Rep. Golden said that “Donald Trump is going to win, [and] I’m OK with that,” that this upcoming election “should not be misleadingly portrayed as a struggle between democracy or authoritarianism,” and that assertions to the contrary are “hyperbolic threats.” I took exception to these statements, and felt it my civic duty to write the congressman, in the hopes of engaging in a good-faith back-and-forth on the subject. I did not hear back from him, despite me checking the “I’d like a response” box on the contact form. Why have it at all? And so I feel compelled to lay out these same questions in a more open forum.

Leaving aside the events of Jan. 6, 2021, entirely, we need to be clear about what former President Trump did following the rejection he received from Americans in November 2020. In seven different states, he – under the authority of absolutely nobody at all – got groups of people together, had them falsely proclaim themselves as the electors duly appointed by their respective state legislatures, and then caused those same people to submit fraudulent certificates to that effect to Congress. Trump then enjoined his own vice president to not count the genuine certificates from the actual duly appointed electors from those seven states, but instead count the fraudulent certificates from those random assortments of nobodies that falsely held themselves out to be their state’s duly appointed electors.

The special prosecutor’s office correctly identified this scheme as an attempt to keep Trump in office beyond the end of his term, in direct contravention of the expressed will of the American people. Having identified this scheme as such, they initiated criminal proceedings against former President Trump, in what has come to be colloquially known as the “Jan. 6 case” (to distinguish it from the former president’s sundry other misdeeds).

And what did the former president do when confronted with these allegations? Did he contest the alleged conduct? Did he mount an affirmative defense, arguing that it was actually legally permissible? Not at all. Instead, he went to the Supreme Court and asked them to grant him immunity from conduct which would otherwise be criminal if anybody else engaged in it.

Having received no response to my questions in private correspondence, I think it all the more pressing that Mainers hear Rep. Golden’s answer to the following: What are we to call a scheme whereby a sitting president fabricates false electoral votes, and then tries to get those counted instead of the lawful electoral votes from seven states’ worth of duly appointed electors? Would we characterize that as a democratic scheme, or an authoritarian one? And if it’s an authoritarian scheme, what is wrong with characterizing this present election as one between democracy and authoritarianism?

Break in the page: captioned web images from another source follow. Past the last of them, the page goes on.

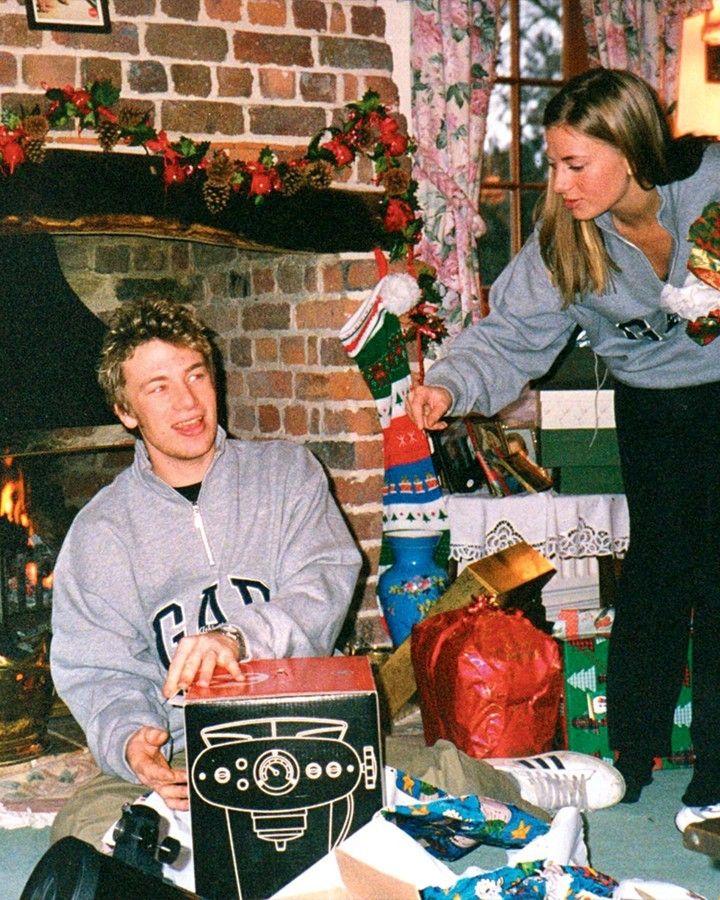 Jamie pictured with his sister Anna in an unearthed family photograph taken at Christmas time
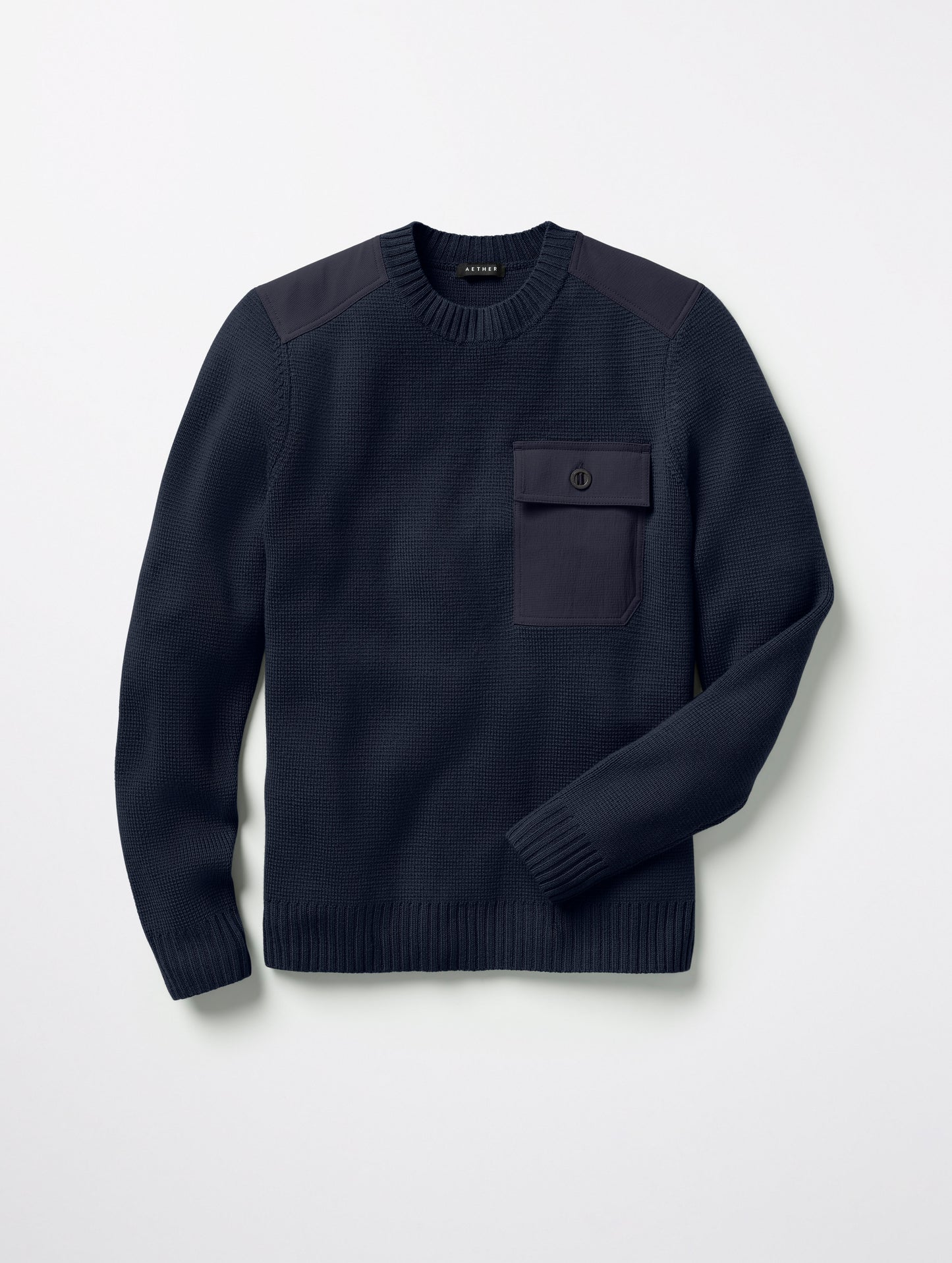 Flat lay of Benson Crewneck Sweater in Total Eclipse dark blue from AETHER Apparel.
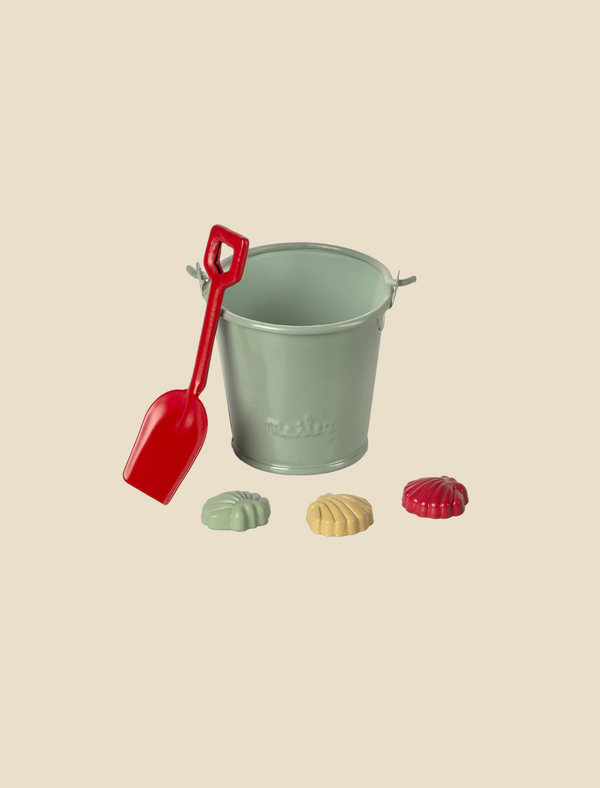 The Maileg Sand Toys set includes a light green metal bucket with a handle, paired with a red plastic shovel, creating an indispensable beach accessory for your vacation. In front of the bucket are three small, vibrant sand toys shaped like seashells in light green, yellow, and red hues. The scene is set against a plain beige background.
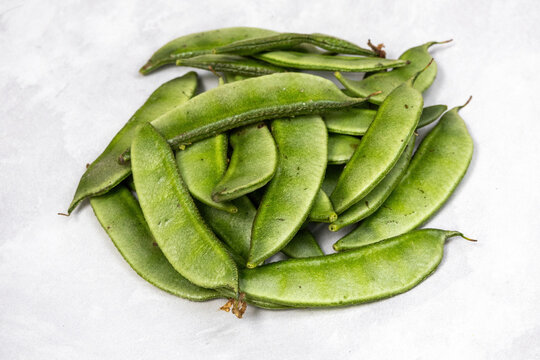 Fresh green hyacinth beans, isolated on a white background.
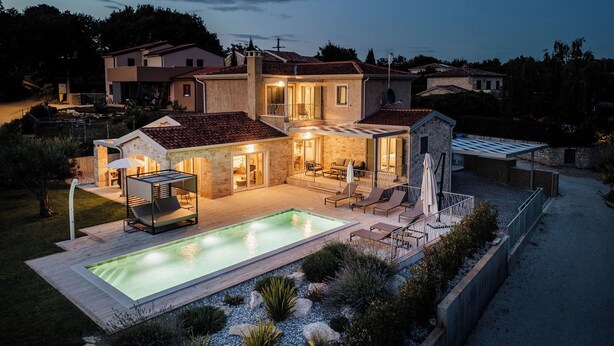 Eine moderne Villa mit Schwimmbad, Außenbereich mit Sitzgelegenheiten und einer gut beleuchteten Terrasse.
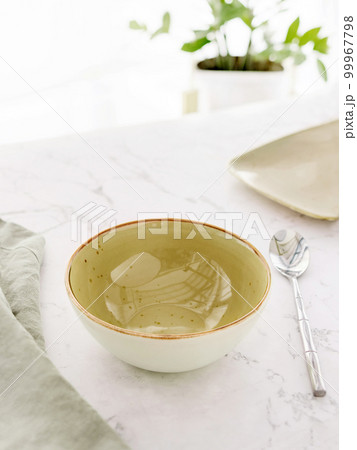Empty green soup bowl with tablecloth and spoon on white marble table 99967798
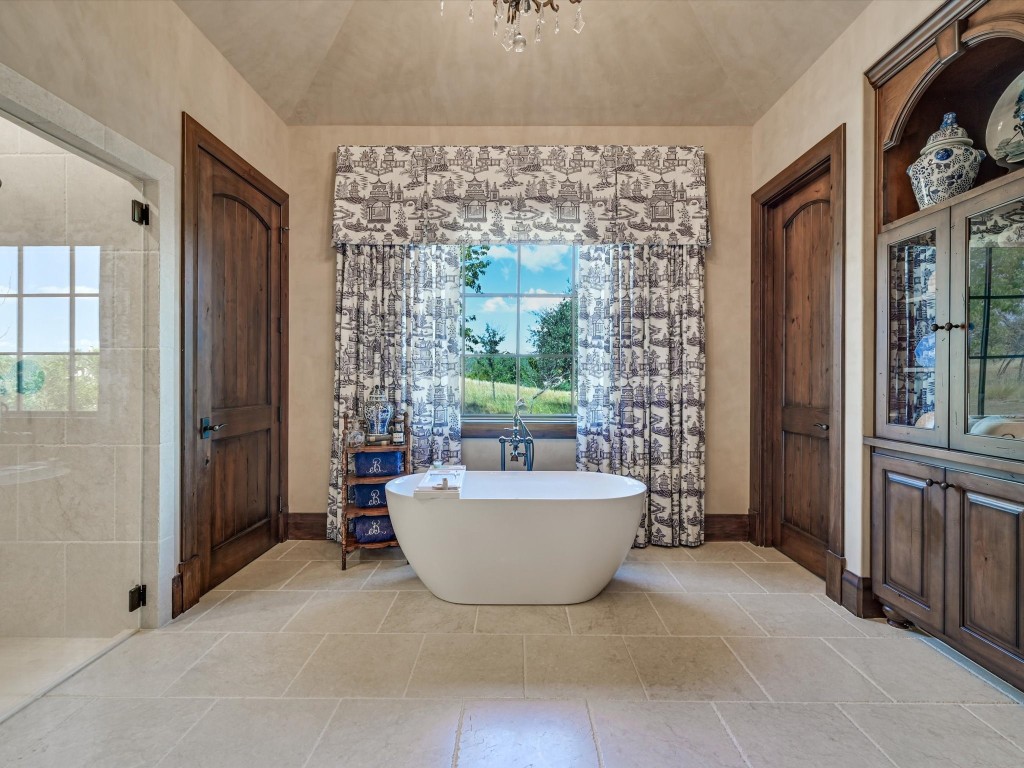 2515 Boot Ranch Circle Fredericksburg, TX 78624 - Photo 17 of 36 a spacious bathroom with a bathtub and shower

Why the repeated attempts to convince voters that the stakes are so low, when in fact they have never been higher? Indeed, where once the president was criminally liable for his official acts, the execrable Roberts Supreme Court recently proclaimed presidents criminally immune for all “core” official acts (whatever that’s supposed to mean), and presumptively immune (with no guidance on how one might overcome that presumption) from criminal prosecution for all official acts within the outer perimeter of presidential authority.

I can only speculate as to why my correspondence with Rep. Golden was ignored, just as I can only speculate as to why the honorable congressman has repeatedly mischaracterized the stakes of this election. Perhaps he has pretensions to higher office. That is his prerogative. For my part, I think Mainers deserve representatives and senators who take democracy seriously.